• **Given data**:
* * * * *
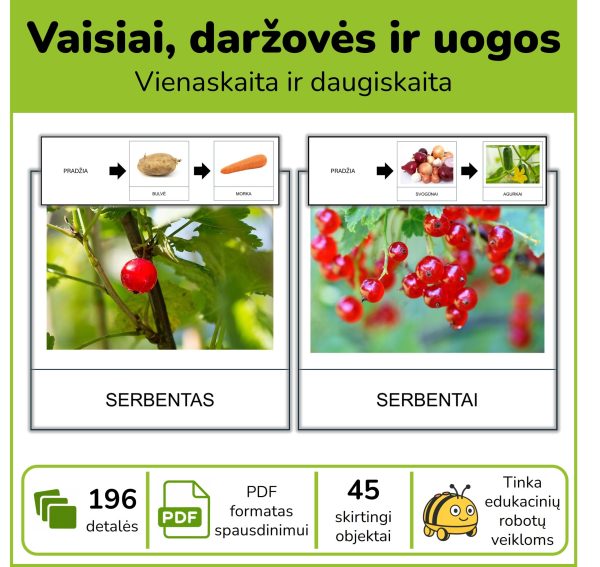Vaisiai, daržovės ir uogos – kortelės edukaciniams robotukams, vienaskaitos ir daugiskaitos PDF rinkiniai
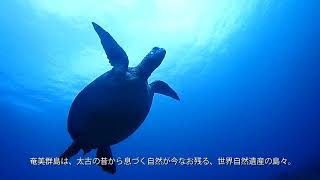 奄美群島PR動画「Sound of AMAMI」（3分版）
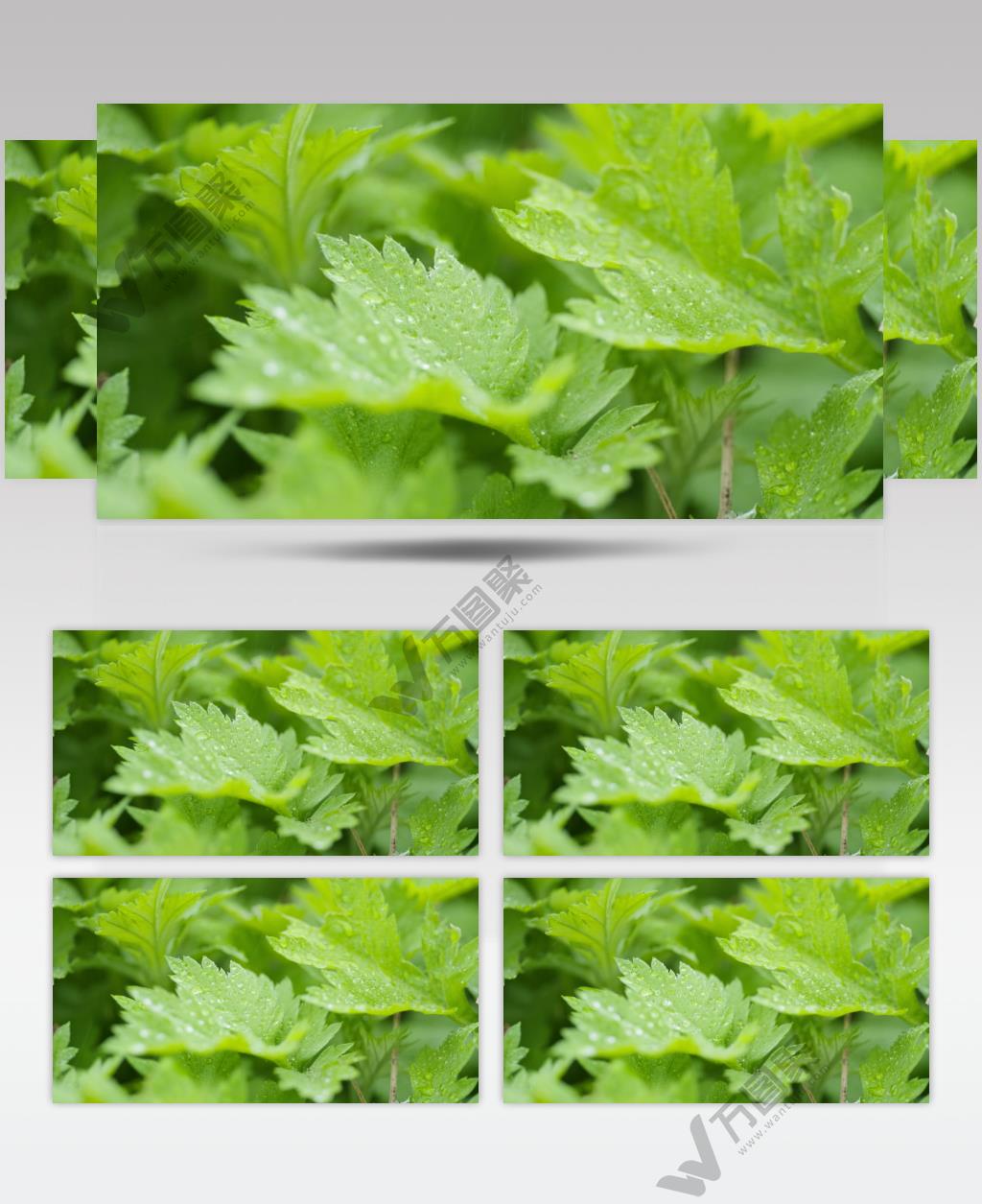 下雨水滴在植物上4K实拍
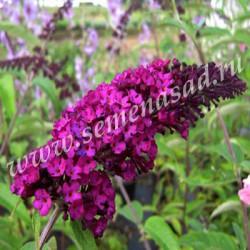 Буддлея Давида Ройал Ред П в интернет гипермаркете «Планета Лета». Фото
* * * * *
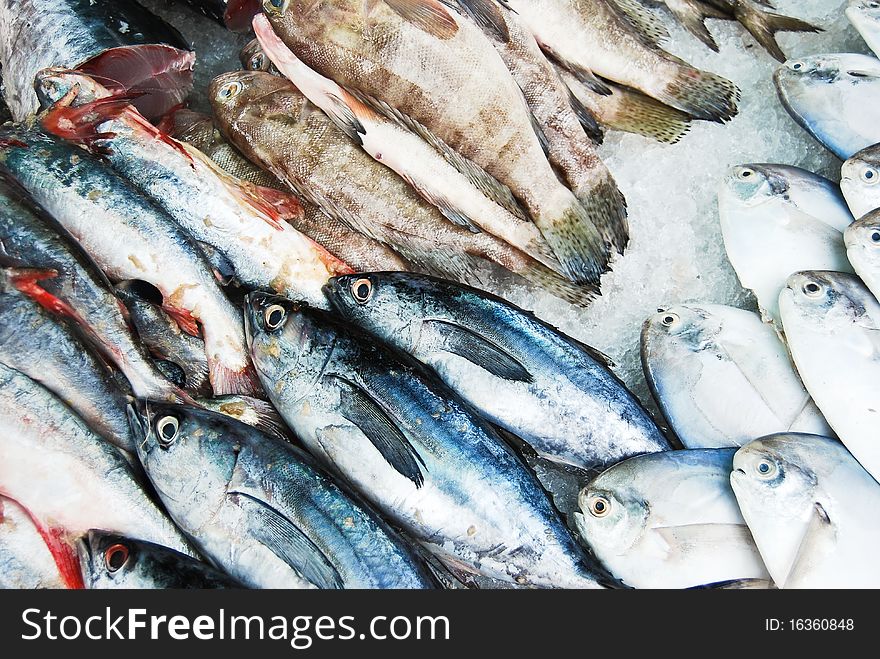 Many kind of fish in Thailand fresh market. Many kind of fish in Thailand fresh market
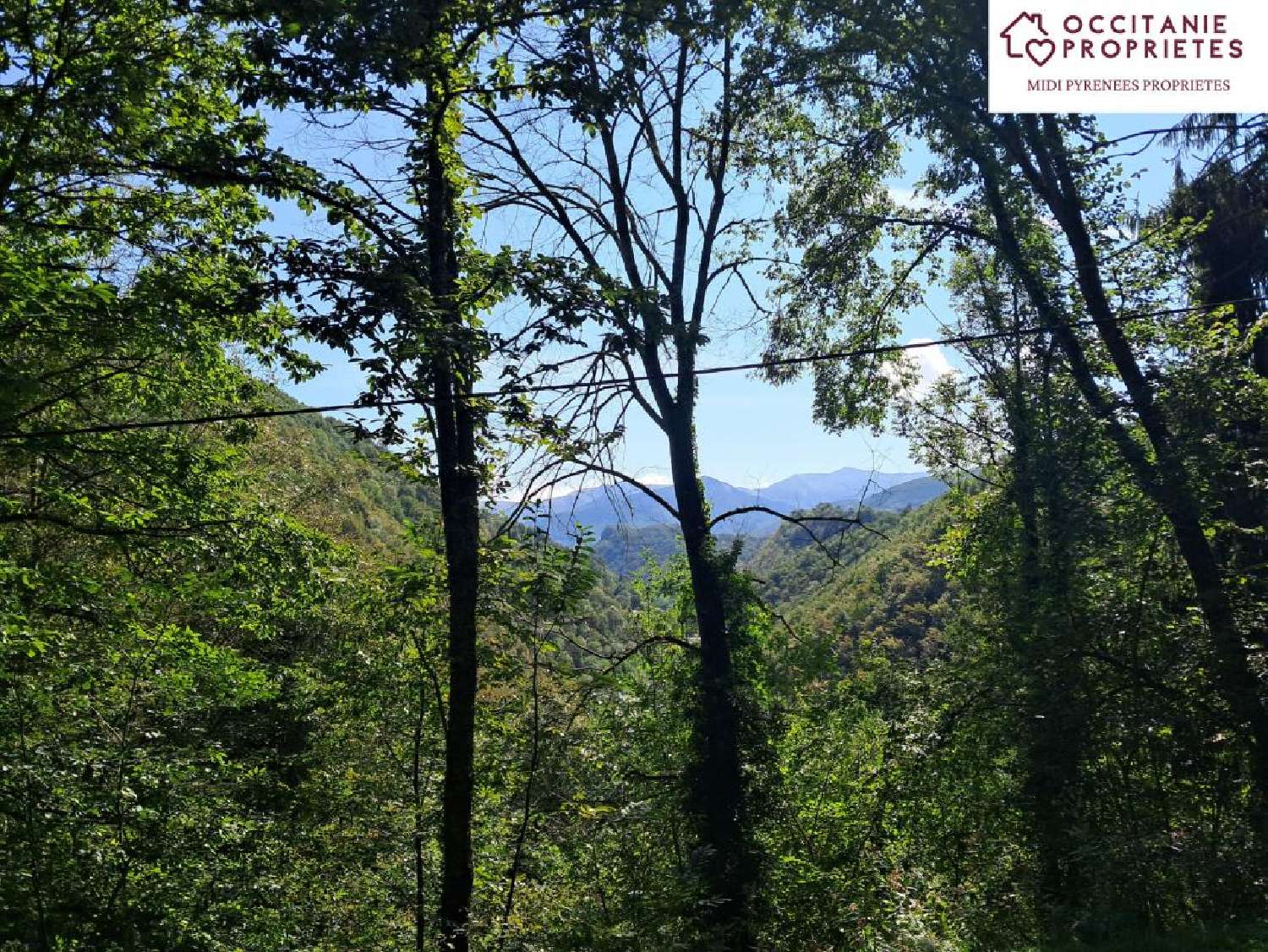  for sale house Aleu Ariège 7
* * * * *
Copy nothing but the lines above that run from the one with "Vaisiai, daržovės ir" to the one with "Буддлея Давида Ройал", ends included; pictures stay out.

• **Problem solution**:
Vaisiai, daržovės ir uogos – kortelės edukaciniams robotukams, vienaskaitos ir daugiskaitos PDF rinkiniai
 奄美群島PR動画「Sound of AMAMI」（3分版）
 下雨水滴在植物上4K实拍
 Буддлея Давида Ройал Ред П в интернет гипермаркете «Планета Лета». Фото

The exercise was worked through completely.